Problem description - Retype the whole listing below exactly, keeping every picture out of it.

Recorded data -

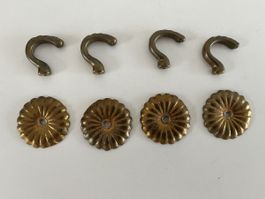 4 Stk. Rosetten mit Haken aus Messing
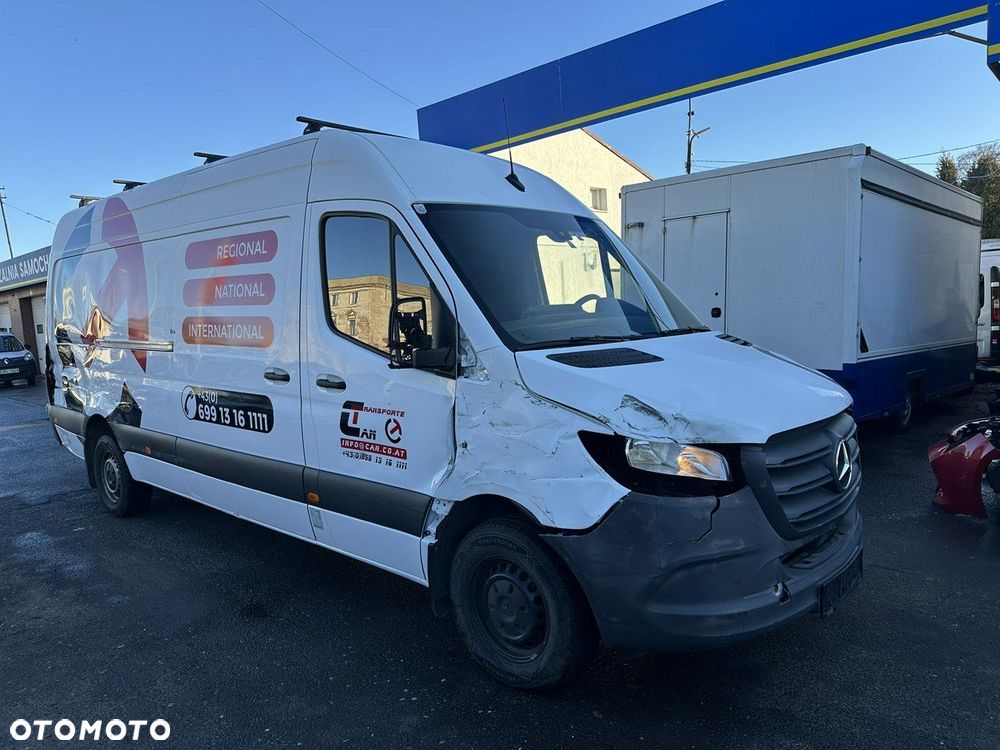 Mercedes-Benz Sprinter - 2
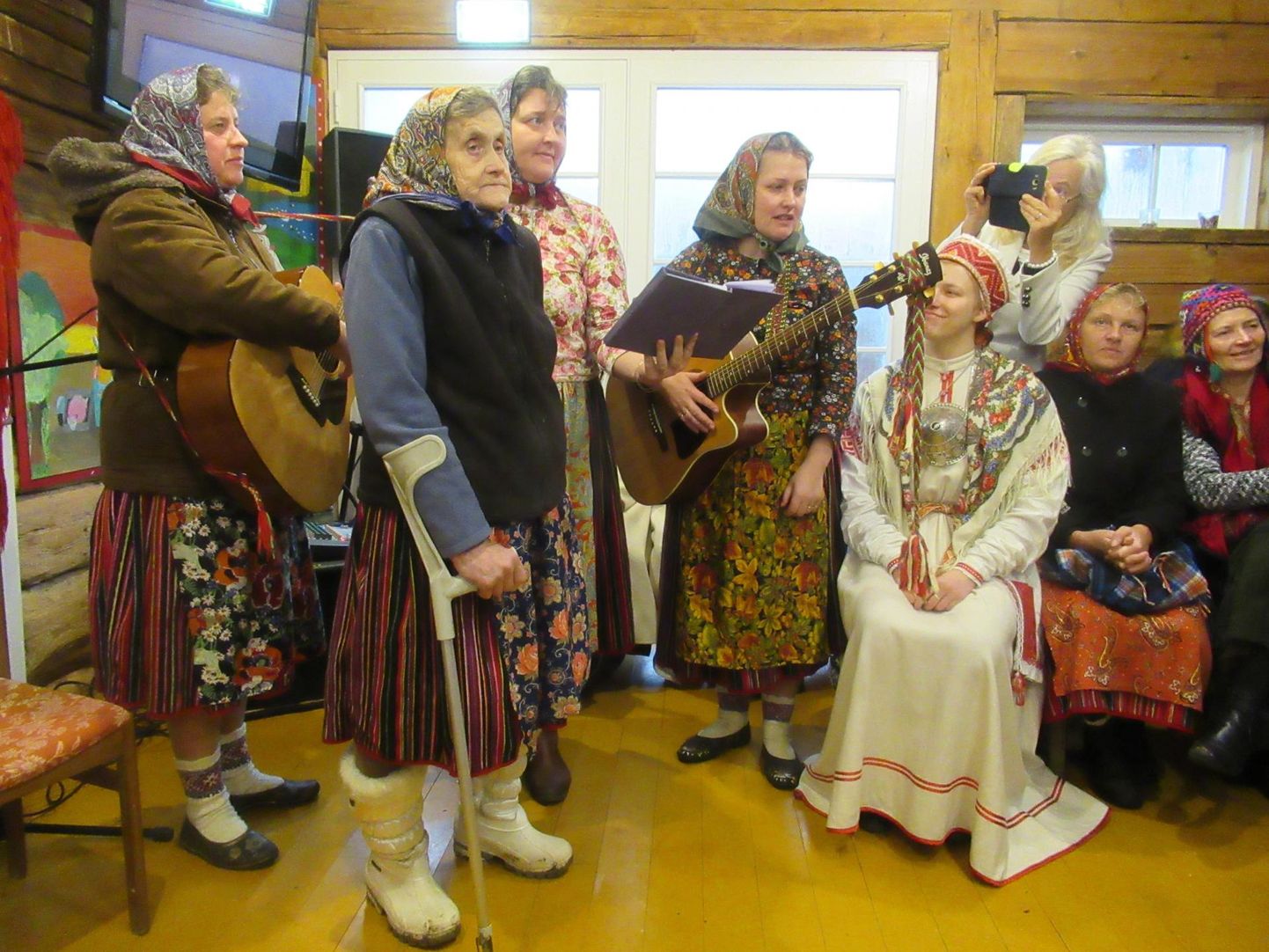 Kihnu Virve ehk Virve Köster tegi üllatuse, esitas Metsamaal esimest korda “Kihnu majaka laulu” oma tüdrukute Urve, Raina ja Reena pillimängu saatel.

Your response -
 4 Stk. Rosetten mit Haken aus Messing
 Mercedes-Benz Sprinter - 2
 Kihnu Virve ehk Virve Köster tegi üllatuse, esitas Metsamaal esimest korda “Kihnu majaka laulu” oma tüdrukute Urve, Raina ja Reena pillimängu saatel.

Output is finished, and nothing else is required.